> _What the exercise asks_: Without including any image, repeat every record exactly.

> _Record excerpts_:
-- Opening Marker --
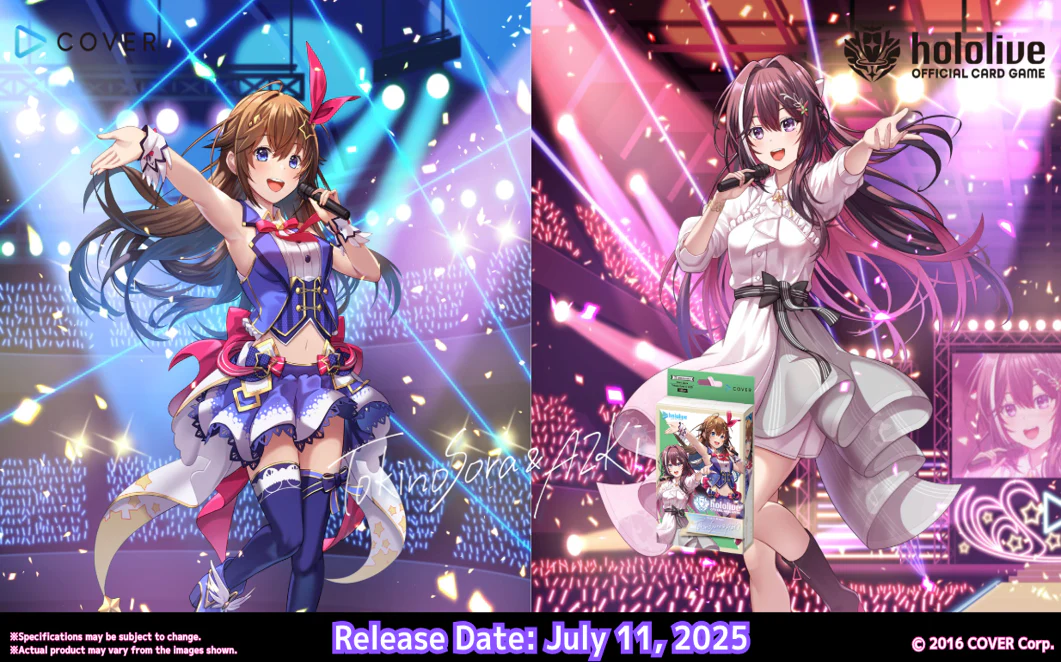 HOLOLIVE CG TOKINO SORA & AZKI STARTER DECK DISPLAY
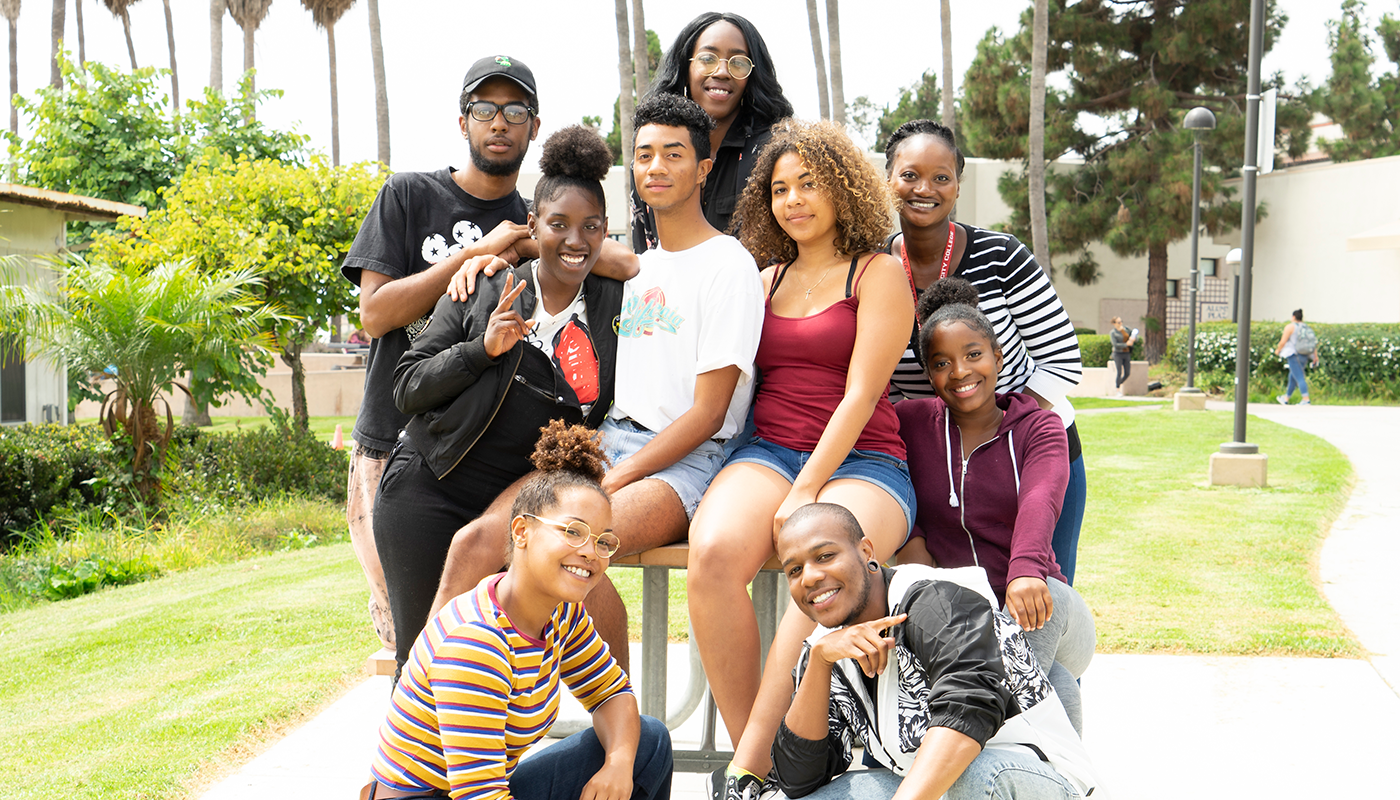 SBCC students on campus.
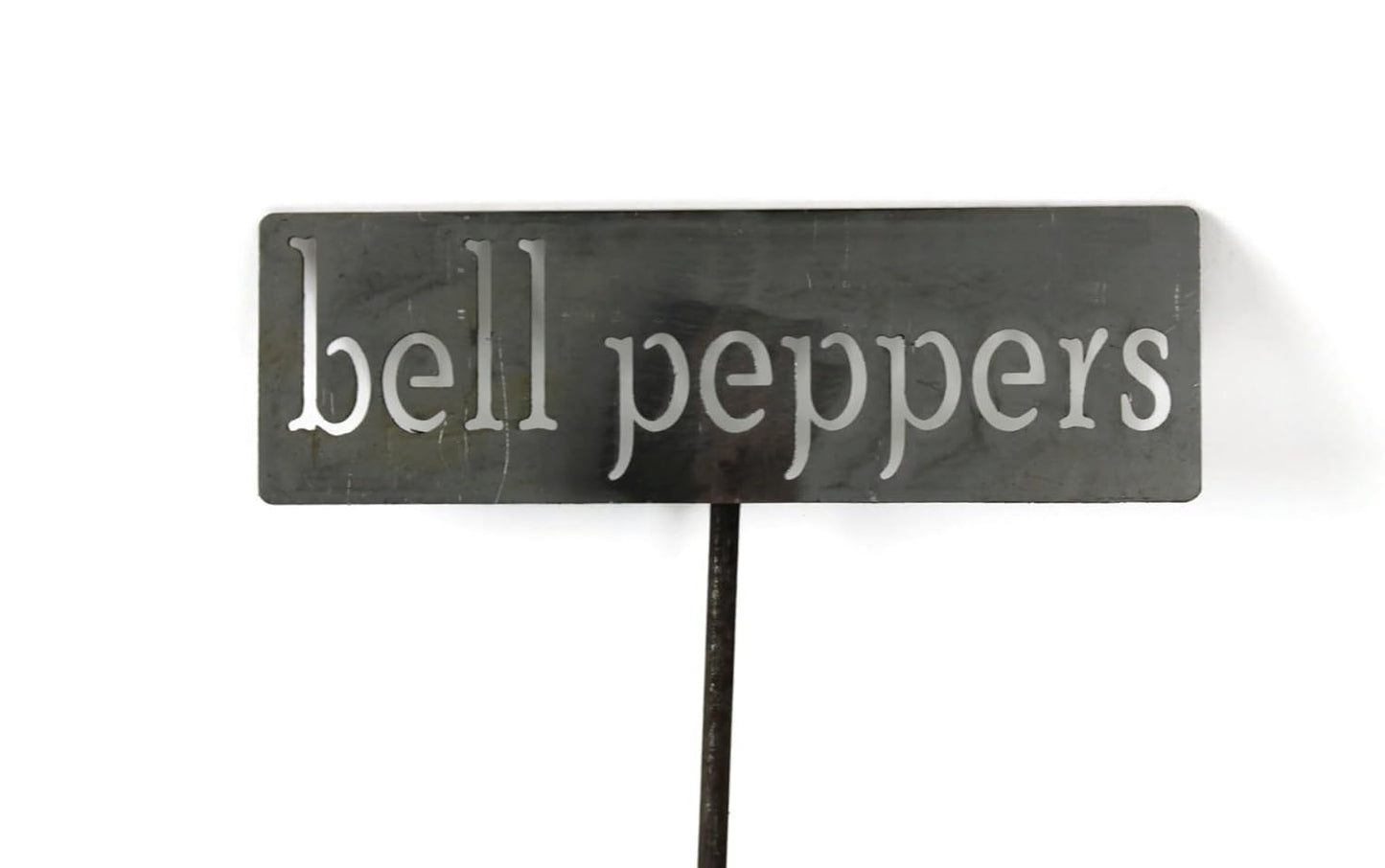 Classic Metal Garden Markers 19 Inches Tall (bell peppers, Raw, Unfinished Steel (will rust with time))
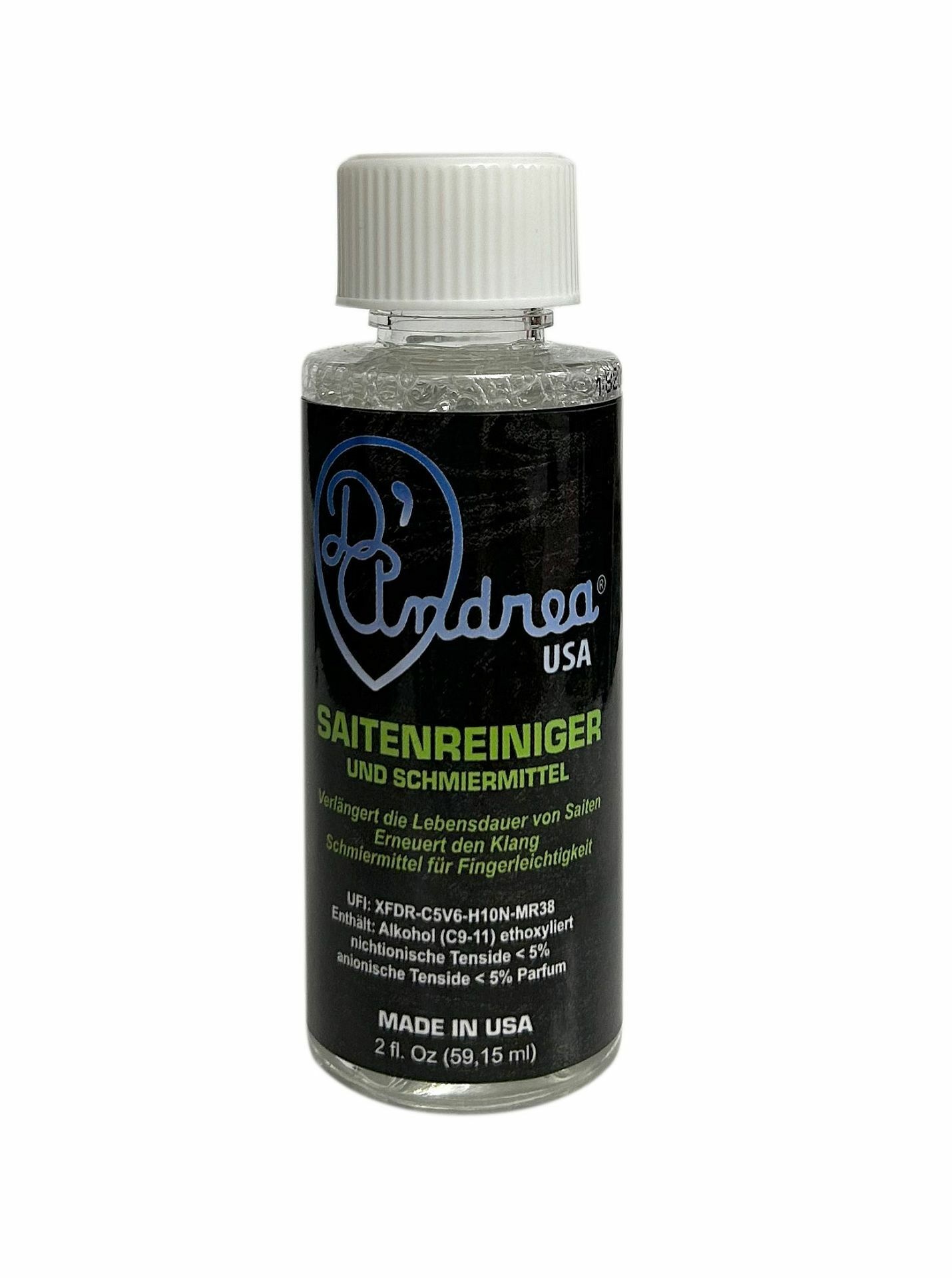 String Cleaner & Lubricant, 59 ml / 2 oz (DAS2)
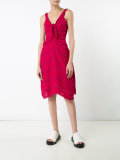 fine-stripe day dress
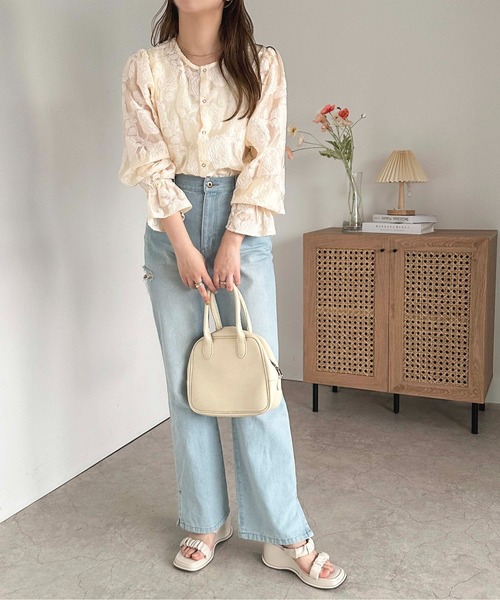 apres jour(アプレジュール)の「2WAYオパールシャツプルオーパー【ZOZOTOWN限定アイテム】(シャツ/ブラウス・レディース・アイボリー/ブルー/ブラック・フリー/X-LARGE)」の8枚目の写真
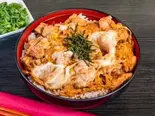 親子丼(肉ちゃんうどん御笠川店)
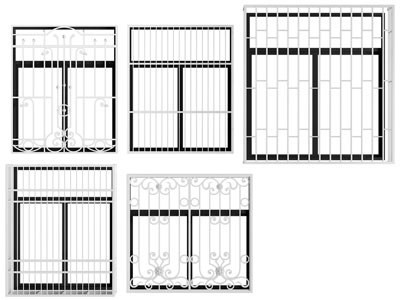 现代铁艺防盗窗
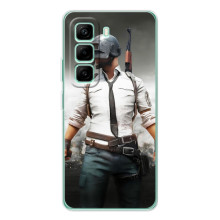 Чохол з картинкою "Герой Pubg" на Infinix Hot 50 Pro Plus (Пабг)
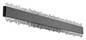 Preview: Globo Stalagmita LED Wandleuchte 12W Neutralweiß Schwarz Matt, Metall 8cm 78420-12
-- Closing Marker --
> _Response to this exercise_:
 HOLOLIVE CG TOKINO SORA & AZKI STARTER DECK DISPLAY
 SBCC students on campus.
 Classic Metal Garden Markers 19 Inches Tall (bell peppers, Raw, Unfinished Steel (will rust with time))
 String Cleaner & Lubricant, 59 ml / 2 oz (DAS2)
 fine-stripe day dress
 apres jour(アプレジュール)の「2WAYオパールシャツプルオーパー【ZOZOTOWN限定アイテム】(シャツ/ブラウス・レディース・アイボリー/ブルー/ブラック・フリー/X-LARGE)」の8枚目の写真
 親子丼(肉ちゃんうどん御笠川店)
 现代铁艺防盗窗
 Чохол з картинкою "Герой Pubg" на Infinix Hot 50 Pro Plus (Пабг)
 Preview: Globo Stalagmita LED Wandleuchte 12W Neutralweiß Schwarz Matt, Metall 8cm 78420-12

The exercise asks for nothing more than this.